Hampshire & Isle of Wight Wildlife Trust launches new nature award scheme for children
Children looking for a new way to explore wildlife and have fun this Autumn can now become true nature nuts – with Hampshire & Isle of Wight Wildlife Trust’s new Wildlife Watch Awards.
The Hedgehog, Kestrel and Nature Ranger awards aim to nurture the next generation of naturalists by offering a way for children to explore and study nature, whether in an urban or rural setting. Activities will help transform children into bug hunters and bird detectives, getting them outside into gardens, parks, and nature reserves where they can find out about their local wildlife.

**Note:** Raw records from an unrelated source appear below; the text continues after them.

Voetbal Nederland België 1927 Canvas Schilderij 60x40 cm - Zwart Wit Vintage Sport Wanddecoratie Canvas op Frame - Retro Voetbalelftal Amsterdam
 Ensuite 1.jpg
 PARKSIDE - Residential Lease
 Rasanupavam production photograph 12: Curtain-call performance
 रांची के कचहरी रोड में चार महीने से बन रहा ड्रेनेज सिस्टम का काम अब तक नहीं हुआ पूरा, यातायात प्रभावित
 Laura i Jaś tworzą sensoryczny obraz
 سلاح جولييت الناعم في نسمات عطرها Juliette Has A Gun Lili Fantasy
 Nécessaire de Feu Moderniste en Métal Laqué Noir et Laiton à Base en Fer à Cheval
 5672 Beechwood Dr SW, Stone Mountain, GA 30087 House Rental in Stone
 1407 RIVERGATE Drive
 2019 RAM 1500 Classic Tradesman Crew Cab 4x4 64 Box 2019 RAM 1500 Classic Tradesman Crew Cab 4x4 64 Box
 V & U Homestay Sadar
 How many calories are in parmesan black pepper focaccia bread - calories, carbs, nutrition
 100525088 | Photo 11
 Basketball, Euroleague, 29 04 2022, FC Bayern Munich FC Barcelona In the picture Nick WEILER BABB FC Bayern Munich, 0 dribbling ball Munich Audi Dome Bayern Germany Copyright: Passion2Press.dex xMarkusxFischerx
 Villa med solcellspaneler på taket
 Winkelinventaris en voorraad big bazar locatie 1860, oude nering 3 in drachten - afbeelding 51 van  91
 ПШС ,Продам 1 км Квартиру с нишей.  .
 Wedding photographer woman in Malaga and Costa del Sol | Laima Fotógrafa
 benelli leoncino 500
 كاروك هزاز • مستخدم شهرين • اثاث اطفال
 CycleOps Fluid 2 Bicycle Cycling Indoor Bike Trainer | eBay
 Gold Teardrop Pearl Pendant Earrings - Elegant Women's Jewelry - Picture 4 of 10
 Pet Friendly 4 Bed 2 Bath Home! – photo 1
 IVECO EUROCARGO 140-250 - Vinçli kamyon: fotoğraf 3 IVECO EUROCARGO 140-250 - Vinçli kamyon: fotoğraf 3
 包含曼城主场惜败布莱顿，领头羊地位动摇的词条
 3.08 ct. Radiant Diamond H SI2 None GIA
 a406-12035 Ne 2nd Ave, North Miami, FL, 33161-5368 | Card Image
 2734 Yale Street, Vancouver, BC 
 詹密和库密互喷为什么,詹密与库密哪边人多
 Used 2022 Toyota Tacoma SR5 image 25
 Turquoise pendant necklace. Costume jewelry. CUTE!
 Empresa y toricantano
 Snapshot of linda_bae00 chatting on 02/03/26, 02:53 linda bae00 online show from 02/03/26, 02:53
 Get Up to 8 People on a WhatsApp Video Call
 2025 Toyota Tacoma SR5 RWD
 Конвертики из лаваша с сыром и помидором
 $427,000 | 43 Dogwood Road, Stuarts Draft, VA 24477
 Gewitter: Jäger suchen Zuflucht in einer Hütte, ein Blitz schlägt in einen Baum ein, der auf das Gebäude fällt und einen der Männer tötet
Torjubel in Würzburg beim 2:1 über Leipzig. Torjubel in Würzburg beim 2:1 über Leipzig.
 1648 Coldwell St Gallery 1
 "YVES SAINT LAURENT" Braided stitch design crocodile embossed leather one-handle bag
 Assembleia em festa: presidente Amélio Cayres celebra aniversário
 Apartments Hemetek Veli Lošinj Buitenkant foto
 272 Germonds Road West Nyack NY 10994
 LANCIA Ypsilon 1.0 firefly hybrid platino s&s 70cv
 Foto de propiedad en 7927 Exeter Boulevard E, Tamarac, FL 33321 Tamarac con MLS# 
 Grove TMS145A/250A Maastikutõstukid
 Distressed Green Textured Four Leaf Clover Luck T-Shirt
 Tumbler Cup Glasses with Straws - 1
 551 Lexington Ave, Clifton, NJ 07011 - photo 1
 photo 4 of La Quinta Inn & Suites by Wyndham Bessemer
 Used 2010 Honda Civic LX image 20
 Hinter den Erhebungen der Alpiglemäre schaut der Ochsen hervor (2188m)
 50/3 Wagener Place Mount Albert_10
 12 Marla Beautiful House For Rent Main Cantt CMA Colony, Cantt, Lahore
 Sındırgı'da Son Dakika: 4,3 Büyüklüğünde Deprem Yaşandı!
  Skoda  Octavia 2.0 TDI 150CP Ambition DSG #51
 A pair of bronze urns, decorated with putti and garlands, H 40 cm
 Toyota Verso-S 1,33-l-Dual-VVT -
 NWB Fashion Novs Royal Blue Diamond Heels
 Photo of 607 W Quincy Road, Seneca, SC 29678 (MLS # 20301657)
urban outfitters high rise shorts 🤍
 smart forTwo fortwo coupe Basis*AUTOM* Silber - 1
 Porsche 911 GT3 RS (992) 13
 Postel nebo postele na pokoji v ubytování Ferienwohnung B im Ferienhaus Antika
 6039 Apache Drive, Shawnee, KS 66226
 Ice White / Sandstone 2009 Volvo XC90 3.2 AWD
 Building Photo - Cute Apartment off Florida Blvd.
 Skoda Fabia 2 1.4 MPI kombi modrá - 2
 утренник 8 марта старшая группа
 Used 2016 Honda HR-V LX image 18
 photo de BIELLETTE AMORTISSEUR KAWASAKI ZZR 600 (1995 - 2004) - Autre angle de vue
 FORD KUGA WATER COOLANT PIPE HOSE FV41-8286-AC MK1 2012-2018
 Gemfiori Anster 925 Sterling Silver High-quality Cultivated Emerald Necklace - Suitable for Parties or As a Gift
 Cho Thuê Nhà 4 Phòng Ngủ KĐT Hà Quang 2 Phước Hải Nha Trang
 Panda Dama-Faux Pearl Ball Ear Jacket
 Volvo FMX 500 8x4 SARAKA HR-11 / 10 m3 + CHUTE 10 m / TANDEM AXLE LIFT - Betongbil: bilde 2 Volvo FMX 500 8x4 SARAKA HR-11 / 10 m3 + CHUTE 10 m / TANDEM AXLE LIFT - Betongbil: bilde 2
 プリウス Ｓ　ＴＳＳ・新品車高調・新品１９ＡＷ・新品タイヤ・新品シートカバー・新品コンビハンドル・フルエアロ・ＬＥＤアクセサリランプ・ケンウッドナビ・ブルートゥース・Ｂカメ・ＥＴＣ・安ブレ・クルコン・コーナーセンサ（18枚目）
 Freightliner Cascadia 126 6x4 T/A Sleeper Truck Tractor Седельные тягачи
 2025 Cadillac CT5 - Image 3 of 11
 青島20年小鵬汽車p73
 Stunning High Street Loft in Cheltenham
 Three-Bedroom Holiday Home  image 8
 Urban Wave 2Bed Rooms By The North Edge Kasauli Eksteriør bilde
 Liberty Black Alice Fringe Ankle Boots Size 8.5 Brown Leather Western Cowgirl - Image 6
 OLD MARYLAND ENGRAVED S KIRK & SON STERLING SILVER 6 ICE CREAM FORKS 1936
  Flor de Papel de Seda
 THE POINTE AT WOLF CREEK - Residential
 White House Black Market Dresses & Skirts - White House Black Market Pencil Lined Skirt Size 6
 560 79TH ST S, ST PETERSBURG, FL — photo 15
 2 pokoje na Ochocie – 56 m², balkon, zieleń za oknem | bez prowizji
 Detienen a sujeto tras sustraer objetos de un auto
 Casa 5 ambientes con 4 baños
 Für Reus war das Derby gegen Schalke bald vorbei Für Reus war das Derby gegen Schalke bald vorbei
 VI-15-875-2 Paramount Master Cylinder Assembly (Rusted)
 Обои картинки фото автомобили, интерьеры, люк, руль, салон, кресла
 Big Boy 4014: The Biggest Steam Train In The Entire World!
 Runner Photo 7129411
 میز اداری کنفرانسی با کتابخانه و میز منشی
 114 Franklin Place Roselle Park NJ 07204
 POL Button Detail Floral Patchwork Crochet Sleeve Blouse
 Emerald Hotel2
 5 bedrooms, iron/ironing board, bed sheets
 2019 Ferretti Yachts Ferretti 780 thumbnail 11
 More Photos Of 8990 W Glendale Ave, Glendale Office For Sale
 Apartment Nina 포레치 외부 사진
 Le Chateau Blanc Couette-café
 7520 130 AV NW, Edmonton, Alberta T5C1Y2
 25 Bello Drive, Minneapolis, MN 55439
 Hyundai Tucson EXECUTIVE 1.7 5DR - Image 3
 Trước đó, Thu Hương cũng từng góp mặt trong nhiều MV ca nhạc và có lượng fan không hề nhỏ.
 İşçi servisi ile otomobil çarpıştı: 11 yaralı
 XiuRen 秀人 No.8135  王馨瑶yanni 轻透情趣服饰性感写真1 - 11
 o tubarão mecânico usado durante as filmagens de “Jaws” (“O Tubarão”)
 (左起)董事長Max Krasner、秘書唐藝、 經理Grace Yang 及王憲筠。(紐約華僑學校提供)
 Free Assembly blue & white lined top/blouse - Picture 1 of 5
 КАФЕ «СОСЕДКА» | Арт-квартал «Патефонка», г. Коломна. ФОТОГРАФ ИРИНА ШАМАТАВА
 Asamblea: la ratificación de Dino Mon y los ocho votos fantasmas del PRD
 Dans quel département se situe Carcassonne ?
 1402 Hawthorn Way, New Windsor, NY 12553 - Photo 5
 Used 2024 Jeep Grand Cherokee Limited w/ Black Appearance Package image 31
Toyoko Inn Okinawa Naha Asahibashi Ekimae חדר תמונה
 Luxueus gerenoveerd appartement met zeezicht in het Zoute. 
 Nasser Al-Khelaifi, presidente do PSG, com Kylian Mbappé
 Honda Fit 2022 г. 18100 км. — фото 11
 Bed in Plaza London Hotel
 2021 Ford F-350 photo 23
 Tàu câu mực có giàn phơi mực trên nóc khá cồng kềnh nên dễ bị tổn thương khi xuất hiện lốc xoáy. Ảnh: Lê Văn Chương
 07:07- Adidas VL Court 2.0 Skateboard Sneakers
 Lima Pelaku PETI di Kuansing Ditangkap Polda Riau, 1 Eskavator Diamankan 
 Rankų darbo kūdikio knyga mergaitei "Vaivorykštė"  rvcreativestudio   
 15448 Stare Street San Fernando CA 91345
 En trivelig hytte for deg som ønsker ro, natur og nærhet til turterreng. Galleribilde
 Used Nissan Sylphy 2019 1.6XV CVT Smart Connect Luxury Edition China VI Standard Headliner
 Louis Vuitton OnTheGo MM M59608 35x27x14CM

Awards are earned on completion of a number of challenges, including activities such as:
Making a mini nature reserve Marking and recapturing garden snails Making a bat box Helping birds avoid flying into windows
With a multitude of wildlife experiences to be had in Autumn alone - from watching migrating birds or roaring stags, spotting colourful fungi or collecting fruits and nuts – online and outdoor activities and challenges completed will be rewarded with stickers, loyalty cards, certiﬁcates and badges.
Chris Packham, passionate conservationist and The Wildlife Trusts’ Vice President, said: “As a child and teenager I travelled a regular route to a young naturalist’s paradise. It led to all sorts of birds’ nests to Grass snakes, Fox earths and Badger setts. It led in simple terms to the reality of being a naturalist. It taught me the truths of my trade and I fell in love with them. Enjoying nature at a young age and coming to value it really can bring a lifetime of pleasure. But, as most good naturalists are hooked by the time they are nine years old, I truly hope these awards help to put the spark that sees the beauty of life in many a young heart.”
Naturalist Nick Baker, also a Vice-President of The Wildlife Trusts, said: “How do we get young people to turn off their computers, shut down their virtual worlds and go outside, get dirty and smell the mulch? We don’t! Wildlife Watch embraces technology and uses it as a spring board to the real world outside. It’s a virtual scrapbook, a digital wildlife club, and a place to exchange information, ask questions and record wildlife you’ve seen! I’m kind of jealous I didn’t have this sort of thing when I was 10!”
For full details of how the scheme works in Hampshire and the Isle of Wight, please contact Diana Smith, Hampshire & Isle of Wight Wildlife Trust, firstname.lastname@example.org, 01489 774400 or visit the website www.hwt.org.uk
Wildlife Watch www.wildlifewatch.org.uk
Wildlife Watch is the junior branch of The Wildlife Trusts and the UK’s leading environmental action club for kids. There are 150,000 Wildlife Watch members around the UK and hundreds of local Watch groups where young people get stuck into environmental activities. Wildlife Watch members receive an exciting membership pack.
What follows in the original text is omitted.